Despite the fall in the annual CPI inflation rate to 2.2%, inflation remains a key risk for retirees as their income in retirement is typically fixed.
More than 90% of consumers purchase level incomes when they retire, which means their real spending power over time is reduced even if inflation is only growing slowly.
Take for example a man-aged 65 with a £50,000 pension pot1. The average income from a level single life annuity, with a 10-year guarantee, is £2,668 a year. If the rate of inflation for the 20 years of retirement is the same as it has been for the 20 years up to 2012, by the time this man reaches age 85 his income in real terms will only be £1,500, a reduction of 44%.

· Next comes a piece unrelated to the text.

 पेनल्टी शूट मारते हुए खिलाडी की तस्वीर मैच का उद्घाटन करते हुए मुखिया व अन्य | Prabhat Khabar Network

So what are the options available retirees to help combat inflation?
One option is an escalating annuity, which offers a lower starting income than a standard annuity, an average rate1 which increases at 5% a year starts at £1,349, around half the level annuity. Over time the income from the escalating annuity catches up with the standard annuity, but it takes till age 91 for the cumulative income paid out by the annuity to beat the income from a standard level annuity.

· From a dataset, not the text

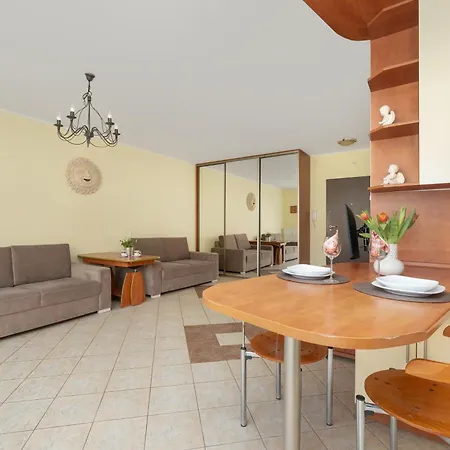 Jasny I Delikatny Sun Seasons 24 W Kolobrzegu By Renters كولوبرزيغ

Another option is to maintain some investment exposure during retirement, as a hedge against inflation to hopefully maintain income in real terms through retirement. This can be achieved using income drawdown or an investment linked annuity.

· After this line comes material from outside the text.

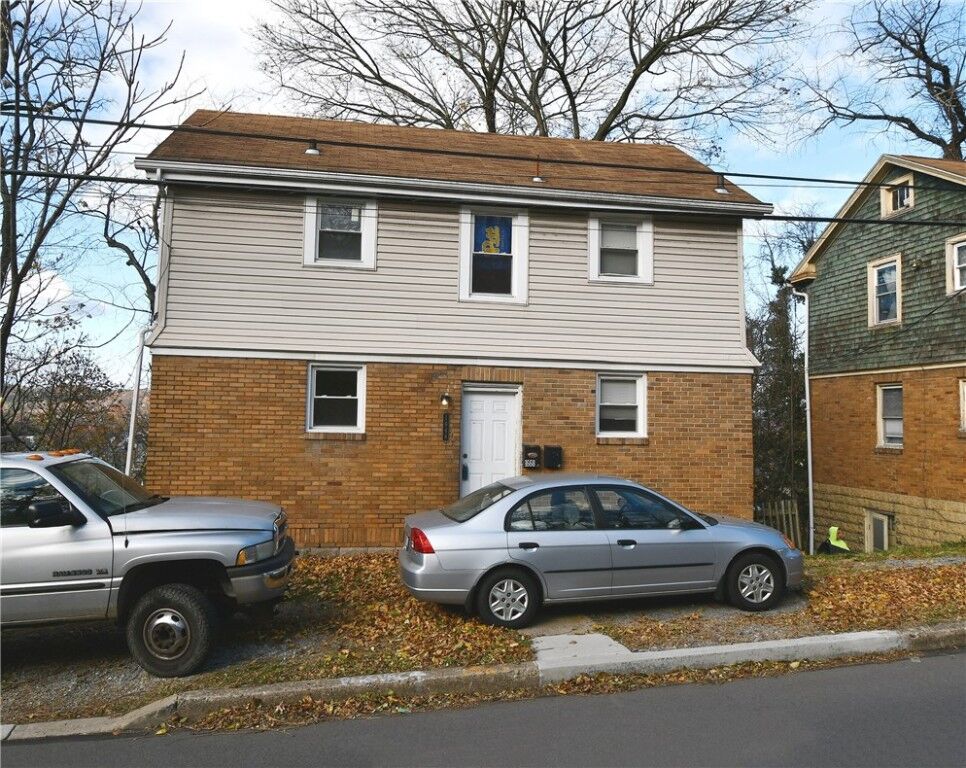 Property Photo: 1668 Crafton Blvd PA 15205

Andrew Tully, pensions technical director, MGM Advantage commented: "We need to rethink retirement as income needs to stretch across a 20 to 30 year time horizon. Inflation can have a devastating effect on fixed incomes, so considering some exposure to investments should be part of the decision making process.
"Continuing investment exposure in retirement clearly comes with some risk. If investments perform poorly income may fall. But for those willing to accept this risk it can provide a valuable option to beat the corrosive impact of inflation while allowing a higher and more flexible income than an escalating annuity.
"People don't need to only use one retirement income option. A blend of two or more products may help provide a high guaranteed income but with some scope for investment growth to offset the impact of inflation."